SUKKOT – “Huts, Booths, Tabernacles”, 7-day festival (Lev. 23:40) marked by the sukkah and the arba’ah minim. Sh’mini Atzeret and Simchat Torah are popularly but wrongly regarded as the 8th and (outside Israel) 9th days of Sukkot: see regel bif’nei atzmo. Both Temples were dedicated on Sukkot (I Kings 8, Ezra 3:1-5). The original Chanukah was an eight-day celebration postponed from Sukkot of that year (II Maccabees 10). (See also here, here, here, here, here, and here.)
TA’ASEH V’LO MIN HE-ASUY – “Make (it) and not (use) what is made”: the sukkah must be specially made (Deut. 16:13). A ready-made sukkah may be used if a human being erects it; an old sukkah may be used if a human being moves the s’chach around.
USHPIZIN – “Guests” (from Latin “hospes”, “lodging”) who visit the sukkah each evening – Abraham, Isaac, Jacob, Joseph, Moses, Aaron and David (though the sequence differs). The idea, from the Zohar, was promoted by the Ari, Rabbi Isaac Luria, 16th cent. Many invite the wives of the guests: Sarah as well as Abraham, etc. There is a belief that the Ushpizin will not enter the sukkah unless hospitality is also extended to guests who need company, support and food.
V’ZOT HA-B’RACHAH – “And This is the Blessing”; final section of the Torah (Deut. 33-34) read on Simchat Torah. Taking one year to read the Torah became the widespread usage by the 9th century, overtaking the alternative three-year cycle.

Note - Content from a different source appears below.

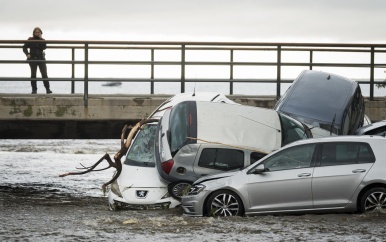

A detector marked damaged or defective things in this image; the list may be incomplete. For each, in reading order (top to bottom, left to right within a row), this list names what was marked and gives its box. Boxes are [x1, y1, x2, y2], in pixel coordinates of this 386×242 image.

WATER DRAWING – see Simchat Bet Ha-Sho’evah. According to the Mishnah, on Sukkot we are judged concerning water (RH 1:2), because this is the beginning of the wintry period in Israel and because water symbolises redemption (“You shall draw water in joy from the wells of salvation”: Isa. 12:3).
YIZKOR/MAZKIR/HAZKARAT N’SHAMOT – memorial prayers on Sh’mini Atzeret.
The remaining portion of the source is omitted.